== Segment start ==

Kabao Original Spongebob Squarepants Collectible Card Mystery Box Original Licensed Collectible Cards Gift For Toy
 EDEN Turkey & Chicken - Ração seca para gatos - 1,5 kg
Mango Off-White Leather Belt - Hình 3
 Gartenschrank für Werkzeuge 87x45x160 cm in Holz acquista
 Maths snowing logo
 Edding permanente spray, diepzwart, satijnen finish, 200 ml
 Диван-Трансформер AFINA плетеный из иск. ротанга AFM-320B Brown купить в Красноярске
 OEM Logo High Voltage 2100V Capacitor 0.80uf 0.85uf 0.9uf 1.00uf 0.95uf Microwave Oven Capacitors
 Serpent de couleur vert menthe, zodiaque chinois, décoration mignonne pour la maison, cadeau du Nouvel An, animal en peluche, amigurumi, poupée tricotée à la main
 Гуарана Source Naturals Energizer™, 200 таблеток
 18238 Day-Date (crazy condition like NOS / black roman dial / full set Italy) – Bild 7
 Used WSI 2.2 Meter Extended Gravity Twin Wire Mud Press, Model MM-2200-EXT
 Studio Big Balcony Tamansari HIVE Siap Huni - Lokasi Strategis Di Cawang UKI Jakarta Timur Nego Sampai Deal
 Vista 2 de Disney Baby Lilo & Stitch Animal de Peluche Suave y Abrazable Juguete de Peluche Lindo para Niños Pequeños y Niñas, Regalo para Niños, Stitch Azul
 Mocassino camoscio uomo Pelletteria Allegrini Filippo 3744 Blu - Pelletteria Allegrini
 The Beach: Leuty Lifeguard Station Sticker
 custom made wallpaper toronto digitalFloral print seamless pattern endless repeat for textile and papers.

== Segment end ==

- [What you need to do]
Reproduce word for word the material above, starting with the line that has "Диван-Трансформер AFINA плетеный" and stopping after the line that has "The Beach: Leuty Lifeguard Station Sticker".

- [Response below]
 Диван-Трансформер AFINA плетеный из иск. ротанга AFM-320B Brown купить в Красноярске
 OEM Logo High Voltage 2100V Capacitor 0.80uf 0.85uf 0.9uf 1.00uf 0.95uf Microwave Oven Capacitors
 Serpent de couleur vert menthe, zodiaque chinois, décoration mignonne pour la maison, cadeau du Nouvel An, animal en peluche, amigurumi, poupée tricotée à la main
 Гуарана Source Naturals Energizer™, 200 таблеток
 18238 Day-Date (crazy condition like NOS / black roman dial / full set Italy) – Bild 7
 Used WSI 2.2 Meter Extended Gravity Twin Wire Mud Press, Model MM-2200-EXT
 Studio Big Balcony Tamansari HIVE Siap Huni - Lokasi Strategis Di Cawang UKI Jakarta Timur Nego Sampai Deal
 Vista 2 de Disney Baby Lilo & Stitch Animal de Peluche Suave y Abrazable Juguete de Peluche Lindo para Niños Pequeños y Niñas, Regalo para Niños, Stitch Azul
 Mocassino camoscio uomo Pelletteria Allegrini Filippo 3744 Blu - Pelletteria Allegrini
 The Beach: Leuty Lifeguard Station Sticker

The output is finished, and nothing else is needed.